Even ignoring the fact that the coherence of direct energy weapons degrade over long distances and a range in the light-minutes would require an immense energy source, and the fact that in this example the targeted ship would have minutes to maneuver in any direction it pleased with no possibility of the enemy having foreknowledge of where to shoot, J-Drives in standard operation do not dump you into empty space, instead they target a gravity well to use as an anchor point.
You make a good point about evasive maneuvers, although the ship moving at non-relativistic speeds would be several orders of magnitudes slower than the incoming laser fire. So hitting is not impossible, especially by weapons designed for said task.
When traveling through J-Space the ship is going in a more or less straight line, from origin to destination, and exits back into realspace at or near the object's jump limit. This is why deep space comets are so useful, they serve as anchor points in otherwise empty parsecs. What this means when jumping to a gas giant in an uncharted system though is that a point on that planet's surface is picked and we just go straight towards it, stopping when approaching its gravity well. This means that anything obscured by the planet itself - which is going to be at least half of the orbital track - cannot shoot or even see us.
However, here you are making the completely opposite interpretation of the facts compared to me. If the jump always ends at a gravity well, that means the jump locations can be predicted by the enemy. And that makes jumping into unexplored or hostile territory much riskier, not less so.
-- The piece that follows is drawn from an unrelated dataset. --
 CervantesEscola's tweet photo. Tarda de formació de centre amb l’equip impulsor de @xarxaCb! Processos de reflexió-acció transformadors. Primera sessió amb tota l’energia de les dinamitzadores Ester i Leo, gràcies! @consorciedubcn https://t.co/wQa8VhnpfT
You say our Scouts would be protected by the planets themselves, but exiting jumps near planets makes arriving right next to enemy ships or stations exponentially more likely! Hell, any paranoid/hostile enemy subscribing to the Dark Forest hypothesis would likely build automated defensive stations covering all angles around gravity wells in their system, programmed to immediately fire on and destroy any ship in range not transmitting the correct IFF signal. This is likely exactly how the Junta hit Heimdall, actually.